What you will do
Only the lines below from the one with "2018 INFINITI QX80 Louisville KY" through the one with "9 มีนาคม หวยลาวงดออก" are to be written out, exactly and without any images.

Source records

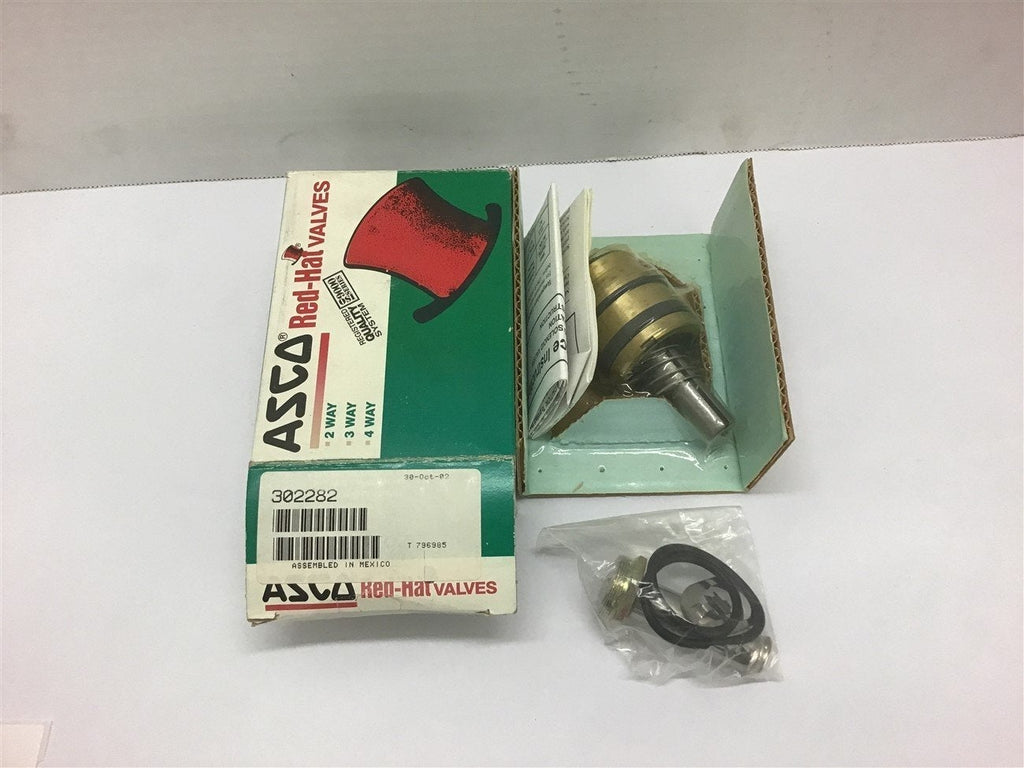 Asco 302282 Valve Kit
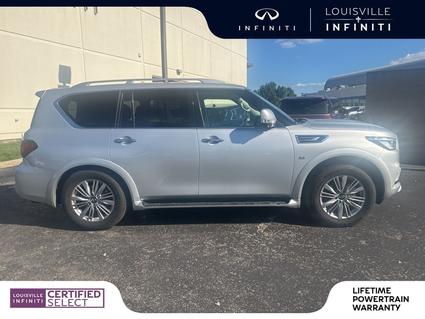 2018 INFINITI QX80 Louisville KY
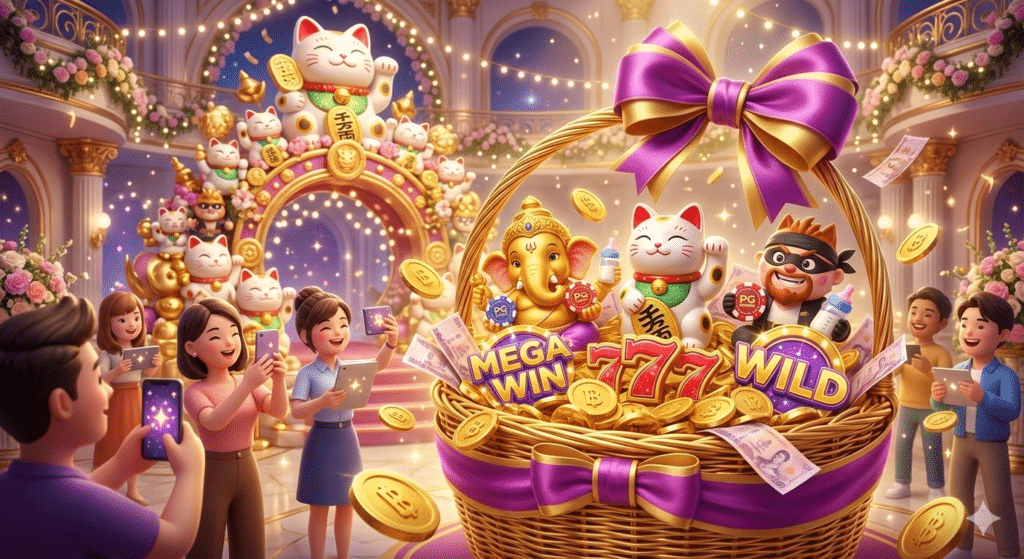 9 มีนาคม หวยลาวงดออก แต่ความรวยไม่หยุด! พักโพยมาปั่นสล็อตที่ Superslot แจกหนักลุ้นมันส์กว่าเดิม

==

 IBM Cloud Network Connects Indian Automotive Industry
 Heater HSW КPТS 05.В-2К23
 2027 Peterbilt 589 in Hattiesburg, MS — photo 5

Response to the exercise
 2018 INFINITI QX80 Louisville KY
 9 มีนาคม หวยลาวงดออก แต่ความรวยไม่หยุด! พักโพยมาปั่นสล็อตที่ Superslot แจกหนักลุ้นมันส์กว่าเดิม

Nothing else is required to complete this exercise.